For baking shows, he believes it’s key to focus on technique, “making sure that each step in the process is defined and depicted in a way that’s satisfying for the viewer,” he said. “It’s important to capture their vision at the beginning. And then the middle it’s like, ‘How is that going? Is it all going to plan, or are you falling behind schedule based on the time constraints or the frame that we give them?’ And the end is that great reveal — like, ‘Did I pull it off, or did it just completely crumble?'”
On both “Bake-Off” and “Baking Show,” the production team uses specialty cameras and lighting to capture the iconic oven shots, along with what Bartel described as a “very rudimentary lazy susan” paired with a 4K or 8K camera for beauty plates.
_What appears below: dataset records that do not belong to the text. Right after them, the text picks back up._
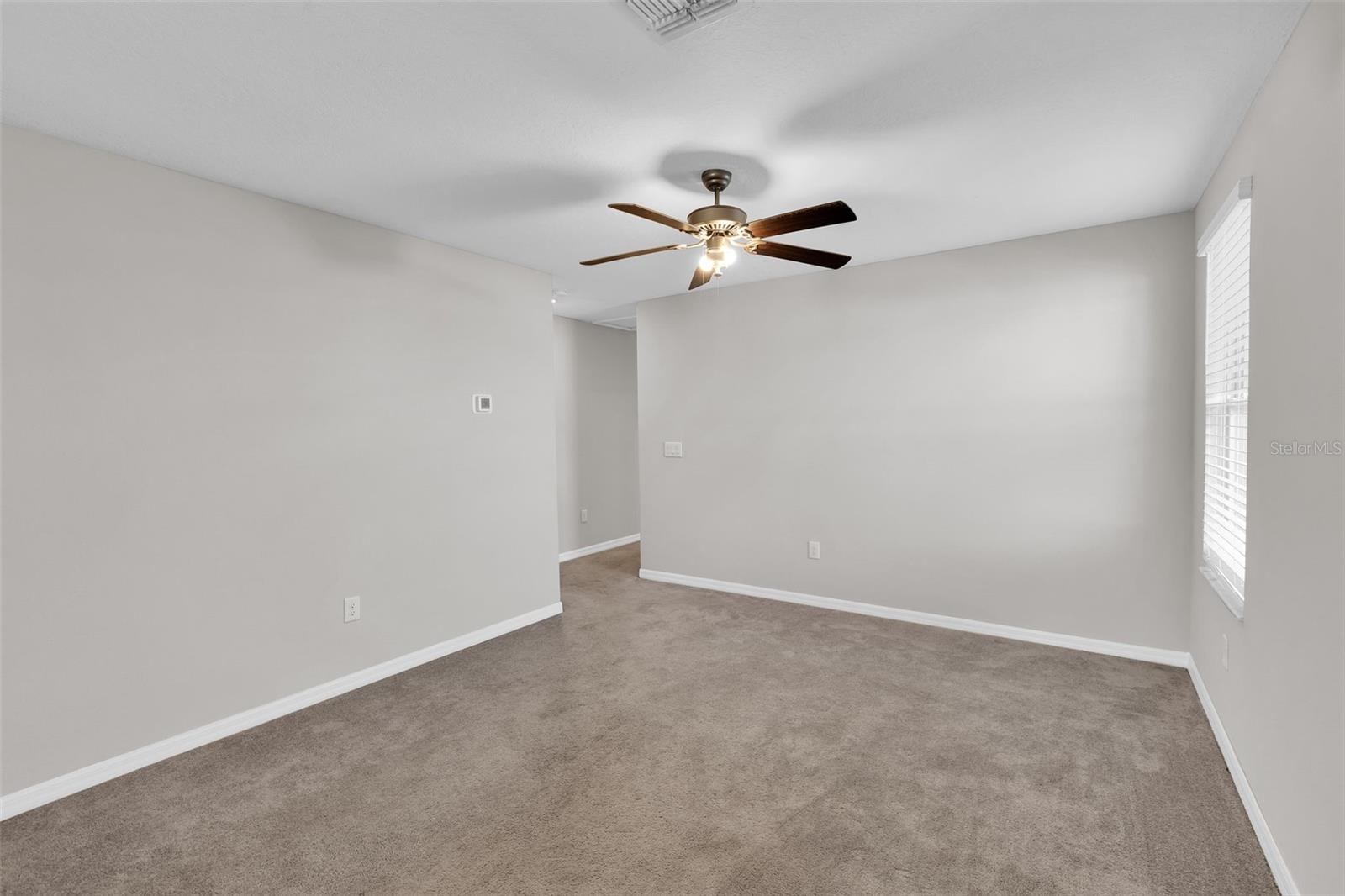 LEISEY SUB - Residential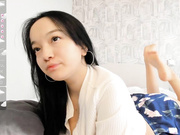 Jenny__Li-2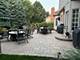 3611 Grassmere, Naperville, IL 60564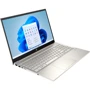 Ноутбук HP Pavilion 15-eh1127ua (9H8M4EA) UA: Оперативная память 16 ГБ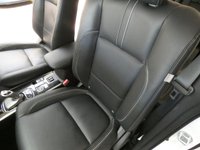 USED 2018 18 MITSUBISHI OUTLANDER 2.0 PHEV 4H 5d 200 BHP SAT NAV LEATHER HEATED SEATS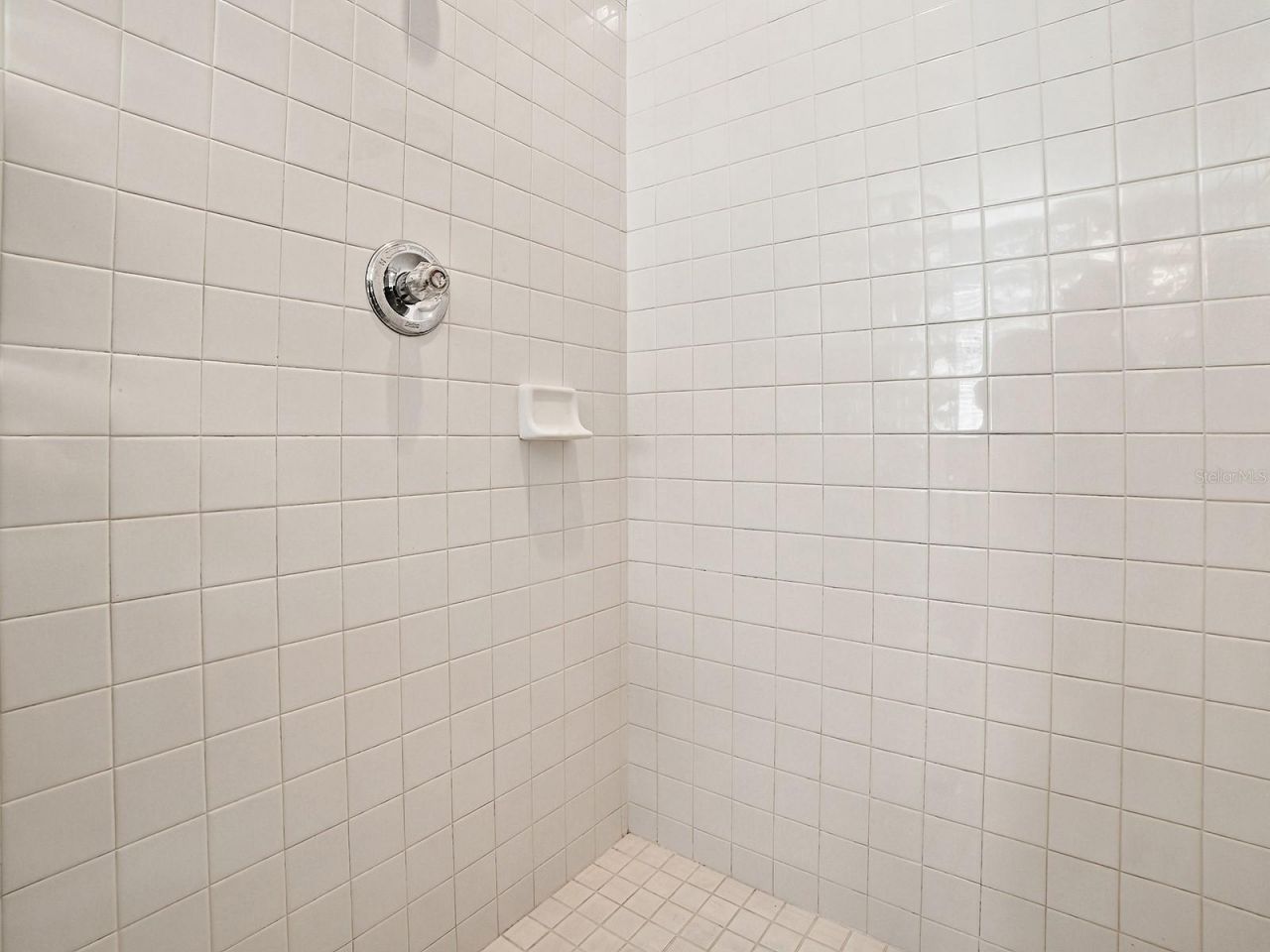 830 Old Oaks Lane , Leesburg, FL 34748 Photo
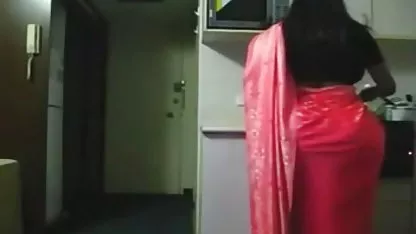 Kejujuran, siap untuk bercinta bokep jadul xxx Pascal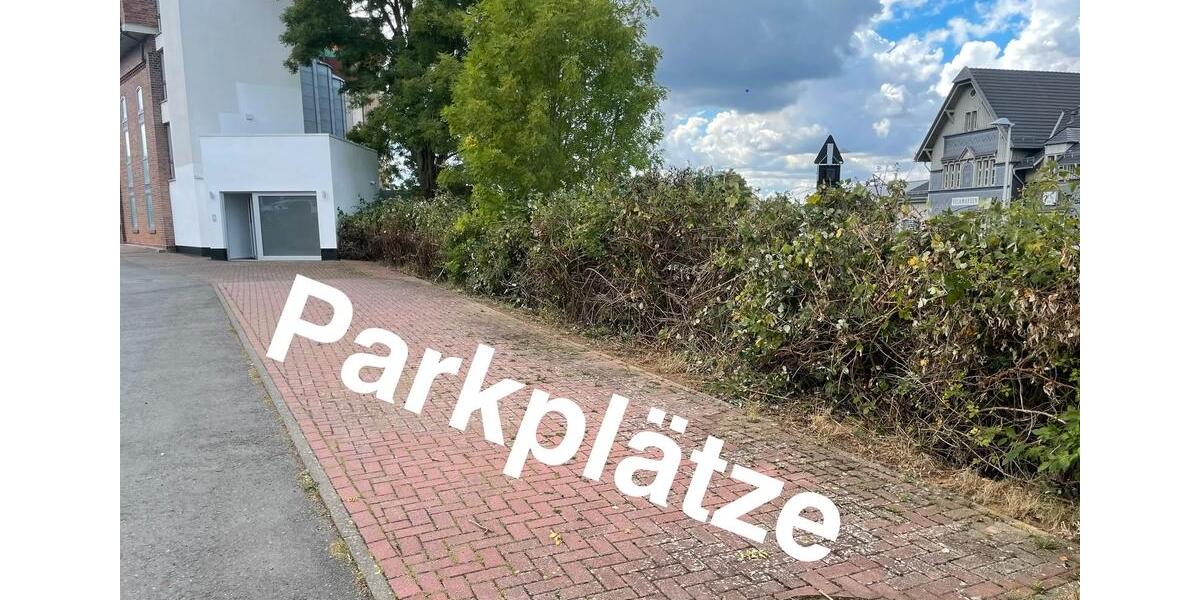 Gewerbeobjekt Volkmarsen - 1.200&euro; | Angebot:26222793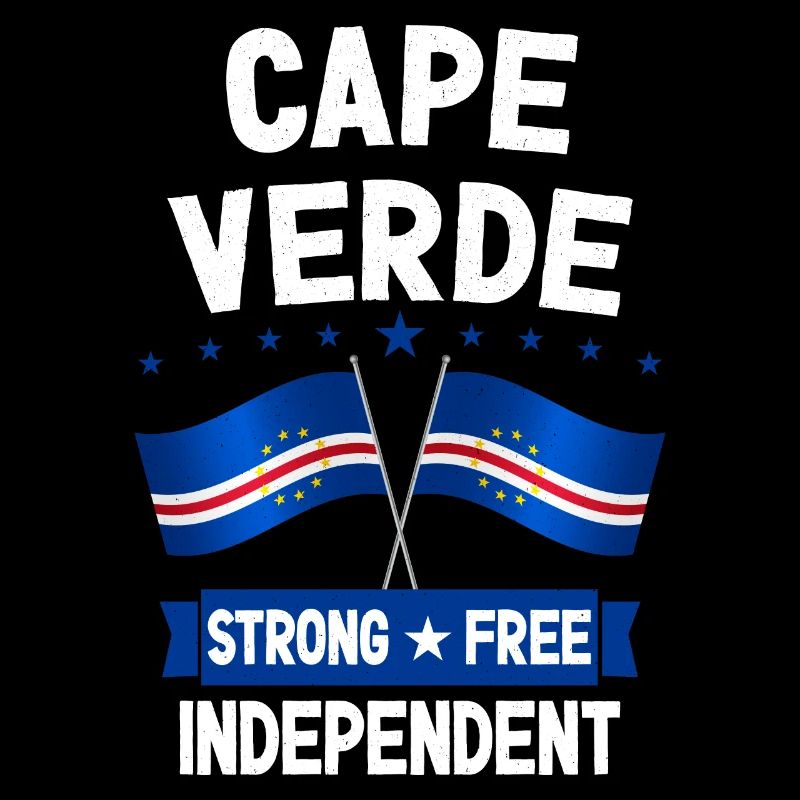 Cap Vert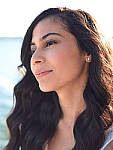 Click to see Y_DSF1829-MOD.JPG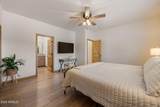 2741 Senior Center Street - Photo 14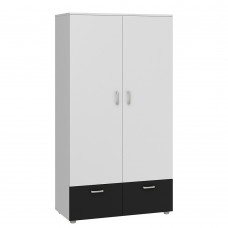 Skapis MAGIC MAG-05 glancēts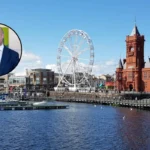 Dan Thomas Leads Reform as Senedd Opposition After Plaid Win, Cardiff Bay 2026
Bartel noted that because contestants are amateur bakers, producers want to put forward creations in the best light possible. “It’s not about focusing on the mistakes as much as it is focusing on what went right,” he said. “[On] ‘The Great American Baking Show,’ we’re focusing and celebrating on the successes more than the misses.”
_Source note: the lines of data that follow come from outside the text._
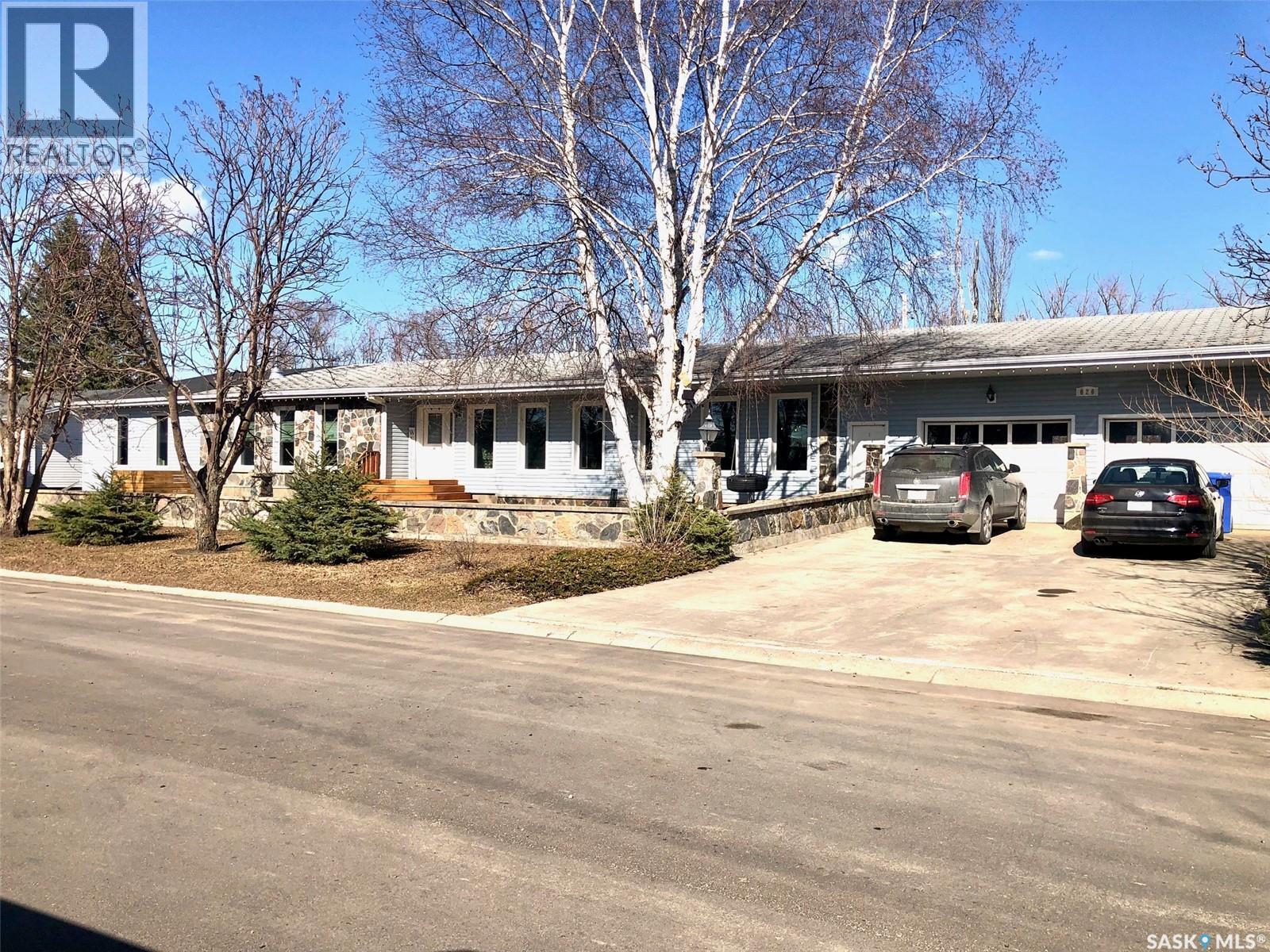 626 Mary STREET - 70
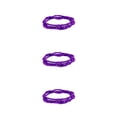thumbnail image 2 of Cuentas Cadena de cintura Qarigey Tipo 36 Accesorio de moda Niñas, 2 of 6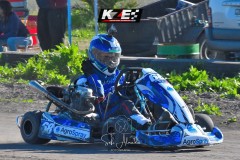 06KZE_0525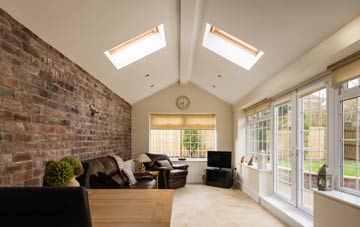 conservatory roof insulation Bradford On Tone, Somerset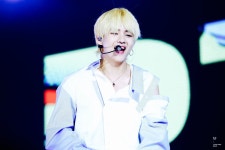 Delwyn Huening님이 ♡ stage ♡에 올린 아이디어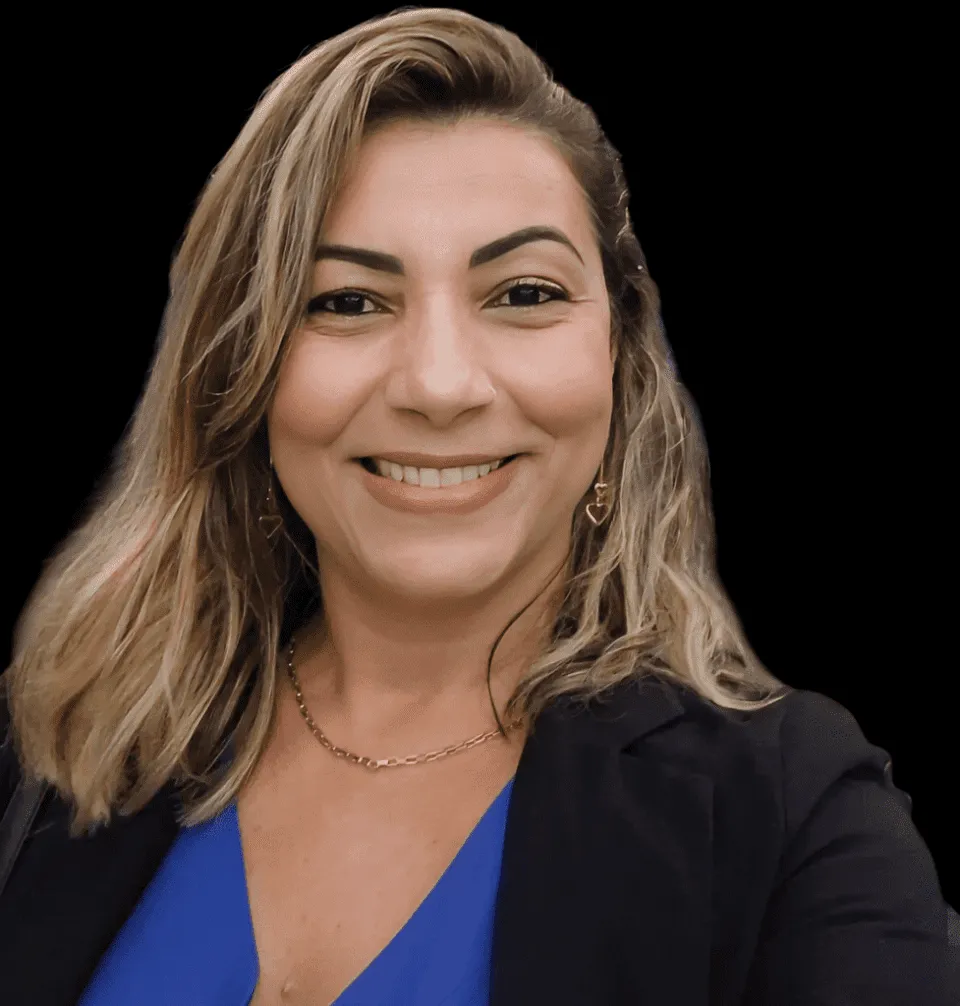 TBO anuncia contratação de nova gerente comercial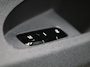 Polestar 2 Long Range Single Motor 78 kWh | Apple Carplay / Android Auto | Stoelverwarming | Parkeersensoren | Lichtmetalen Velgen |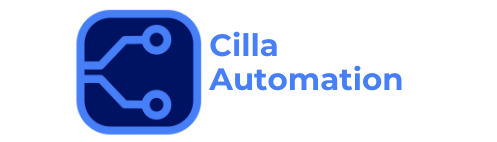 Cilla Automation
It’s a different skill set for the team in the “Top Chef” kitchens. To capture the cooking action, Cutforth said key qualities for camera operators include having a great eye as well as a great ear. “When a story’s unfolding in front of you, you don’t really know where it’s going, so you’ve got to really listen,” he said. “You’ve got to really be thinking about taking the information they’ve got, and then do the math of where that’s going. Obviously, they have producers to help them with this as well. They’re constantly thinking about the story as well — not just the story of how the food’s being made, but the story of the dynamics of the challenge.”
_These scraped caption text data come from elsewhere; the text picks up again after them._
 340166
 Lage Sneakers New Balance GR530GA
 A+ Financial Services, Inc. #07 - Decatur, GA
Also important is the verbal aspect, which comes down to what the judges have to say. “When they are talking about the food is where the audience gets to taste it, so to speak,” Cutforth said. “Tom [Colicchio] and Gail [Simmons], who are the two who have been there since the very first episode, are fantastic at it… and Padma is really very knowledgeable about food and finds really great ways to speak about it, and trying to describe in what ways it’s delicious, and what ways it’s not.”
While these shows rely on high-def cameras, beauty plates, and crews who have the sensitivity of a tuning fork, Cutforth said it all ultimately must serve a master greater than hunger: the underlying human narrative.
“I think people are inspired by the creativity that people bring to these things that we maybe don’t really give a great deal of thought about from one moment to the next, in terms of a dish on the menu,” Cutforth said. “I think that people love seeing the creativity under pressure. I think they also love the passion that chefs have for what they do. It’s inspiring to all of us to see people who are doing what they really love, and to me I think that’s the appeal of the show. It’s awesome to feel like everywhere you go, and everything you eat, there’s someone behind that thing that brought love to it, and wanted it to be amazing. It makes you maybe see the world in a slightly different way.”
“Top Chef” Season 16 airs Thursdays on Bravo. “The Great American Baking Show” airs Thursdays on ABC.